Copy only what lies from the line containing "Cozinha de casa" through the line containing "Torino, assolto perch&eacute;" in the entries below, keeping both end lines exact and dropping every picture.
--- Entries provided Enclosed Below ---
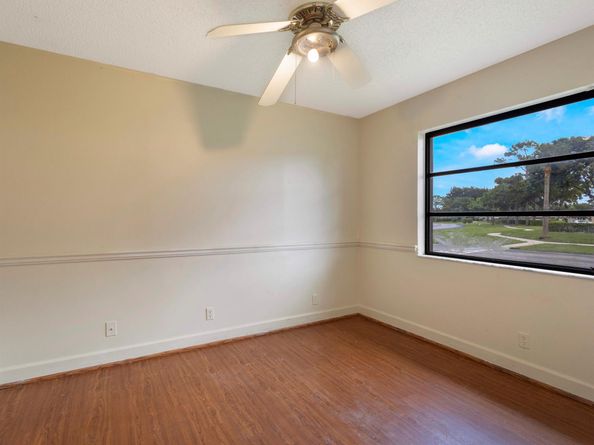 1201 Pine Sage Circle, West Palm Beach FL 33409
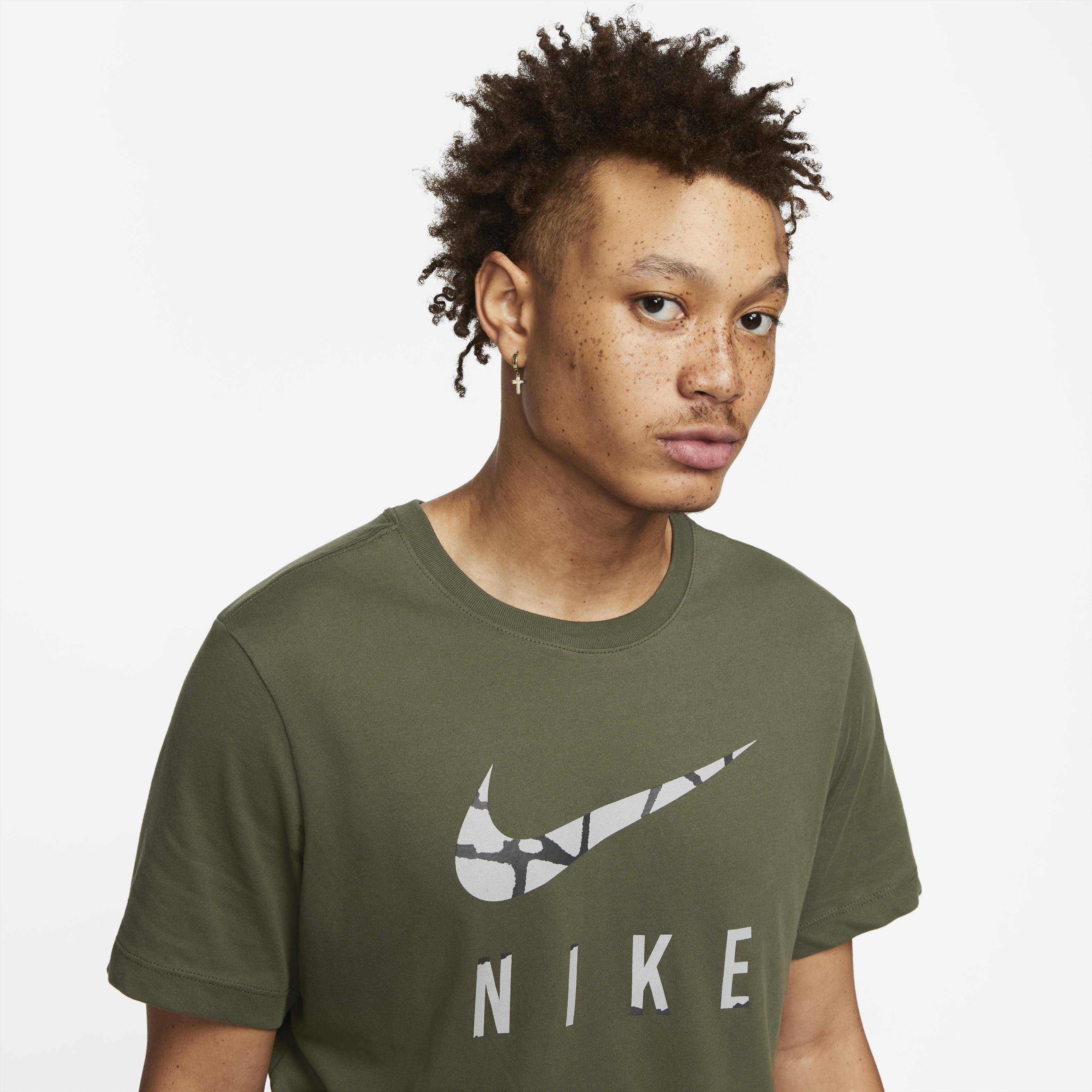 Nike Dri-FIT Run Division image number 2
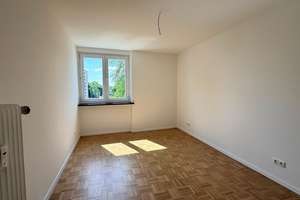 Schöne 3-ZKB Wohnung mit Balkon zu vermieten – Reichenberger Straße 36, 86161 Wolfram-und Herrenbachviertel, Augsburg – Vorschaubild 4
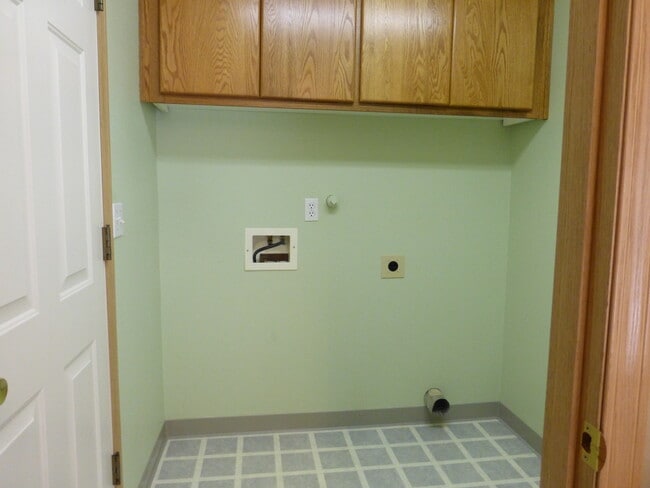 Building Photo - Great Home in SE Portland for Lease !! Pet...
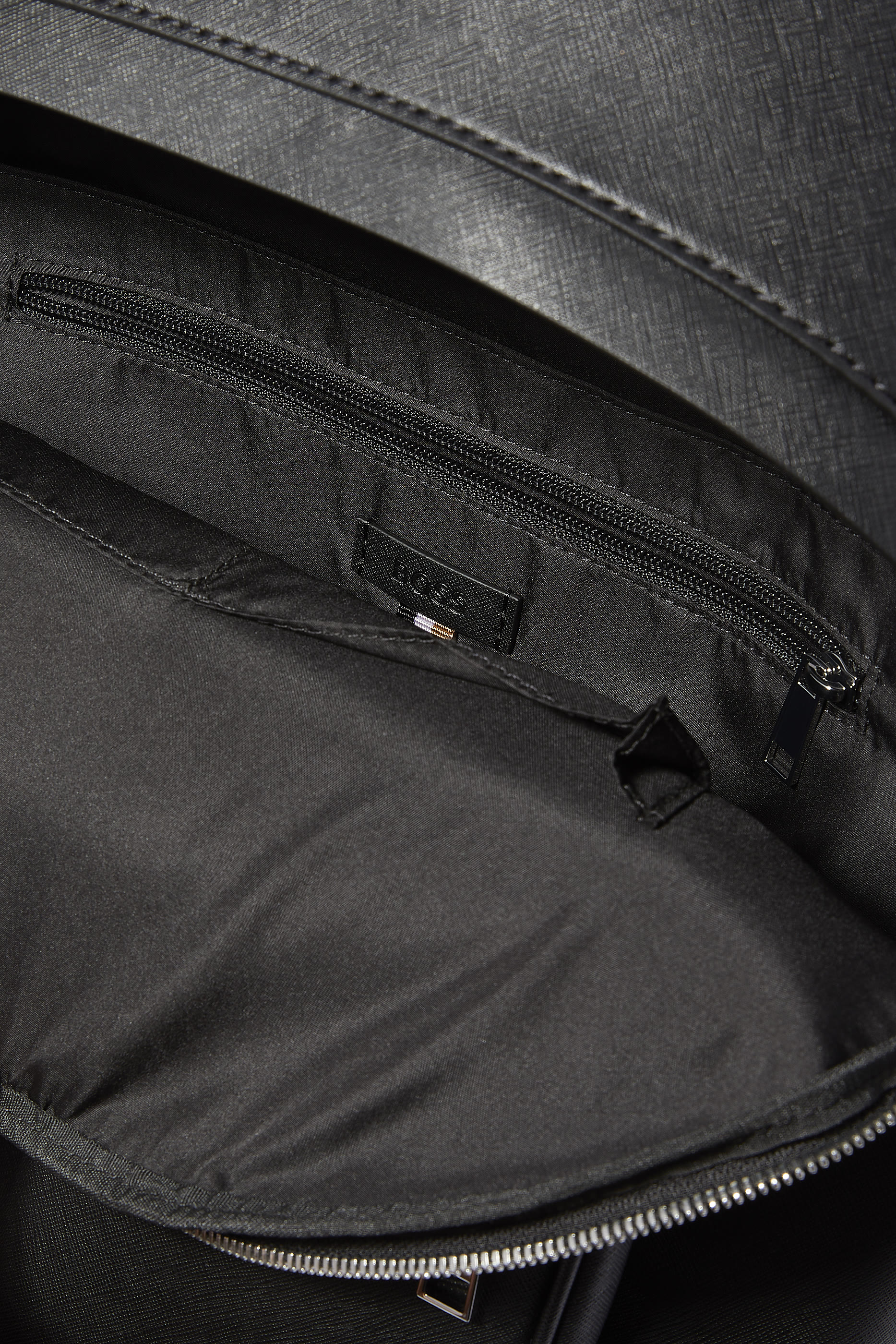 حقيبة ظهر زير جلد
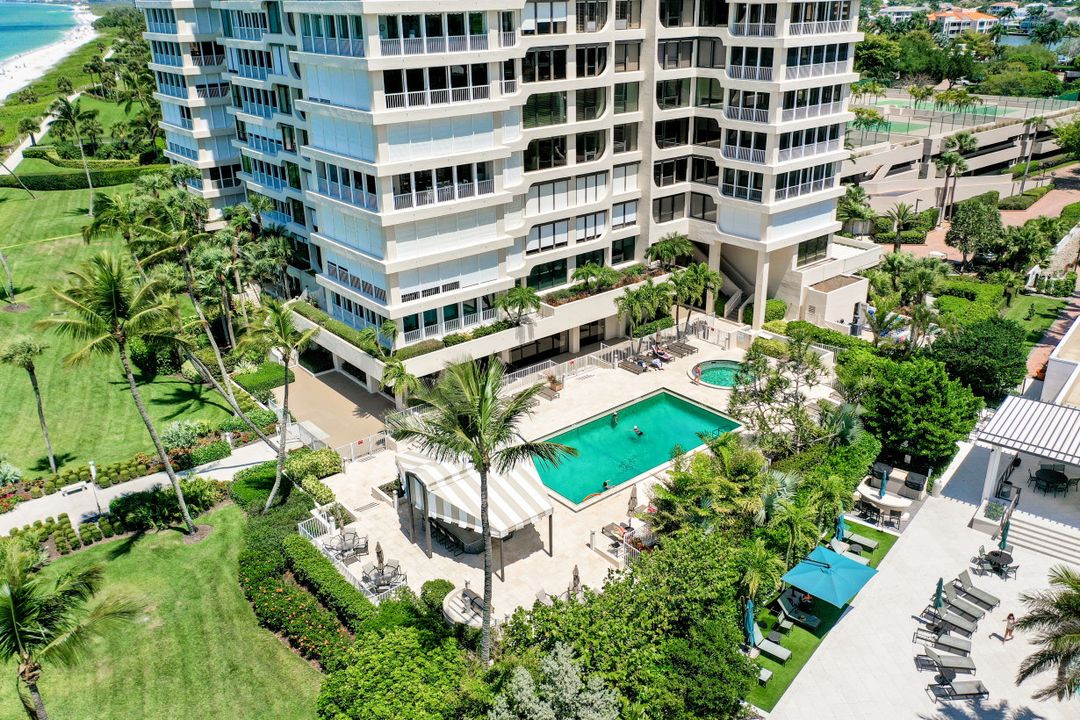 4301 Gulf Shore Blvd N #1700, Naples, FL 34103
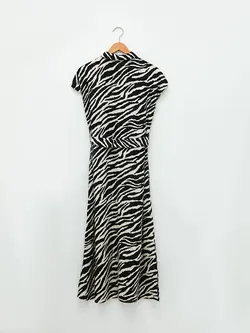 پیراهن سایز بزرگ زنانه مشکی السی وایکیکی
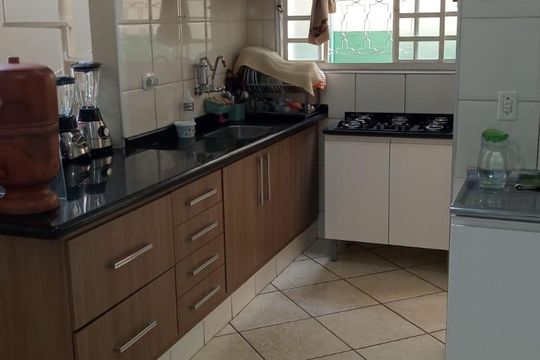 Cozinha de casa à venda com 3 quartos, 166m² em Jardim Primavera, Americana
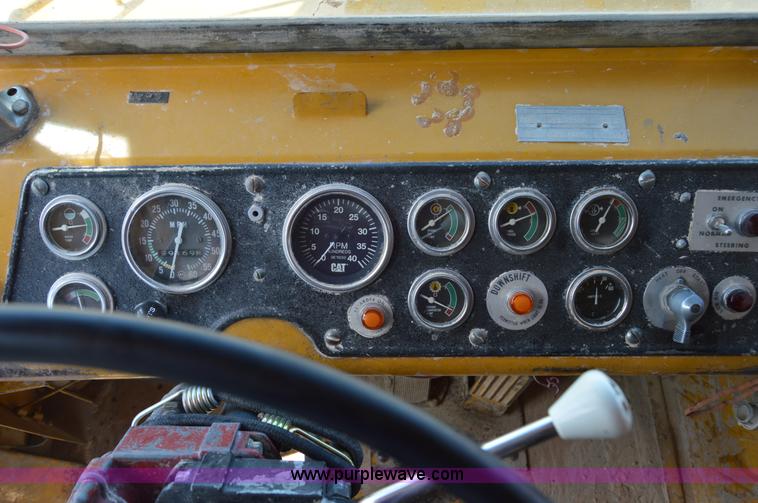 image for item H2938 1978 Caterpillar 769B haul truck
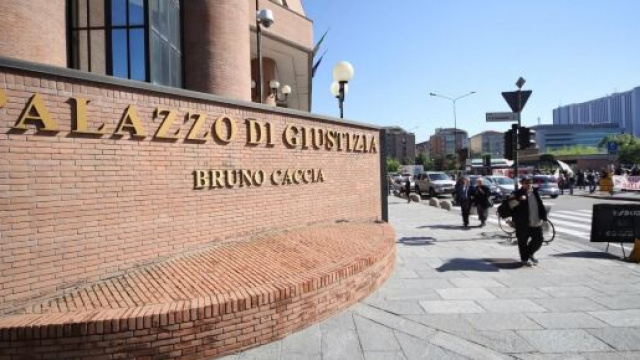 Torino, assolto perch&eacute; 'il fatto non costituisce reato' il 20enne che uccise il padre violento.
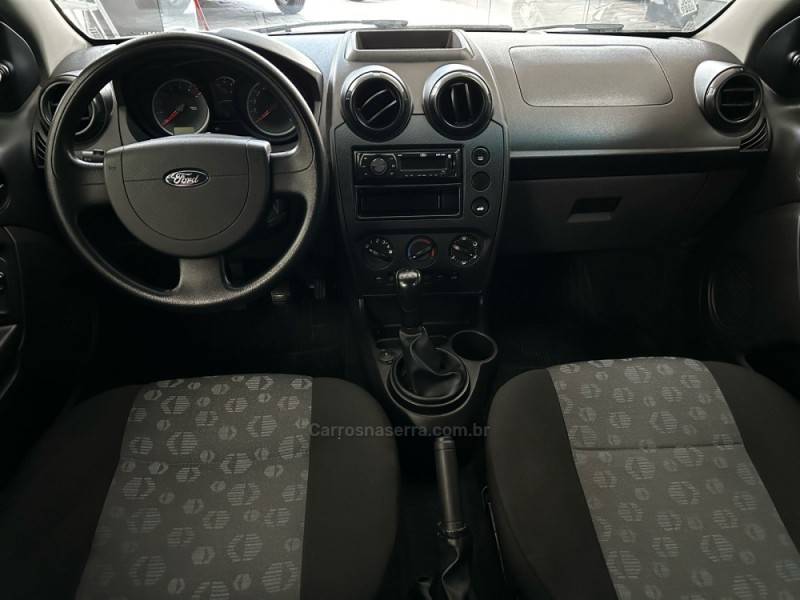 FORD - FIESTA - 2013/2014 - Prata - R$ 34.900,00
--- End of Enclosed Entries provided ---
▶ **Result of the exercise**:
 Cozinha de casa à venda com 3 quartos, 166m² em Jardim Primavera, Americana
 image for item H2938 1978 Caterpillar 769B haul truck
 Torino, assolto perch&eacute; 'il fatto non costituisce reato' il 20enne che uccise il padre violento.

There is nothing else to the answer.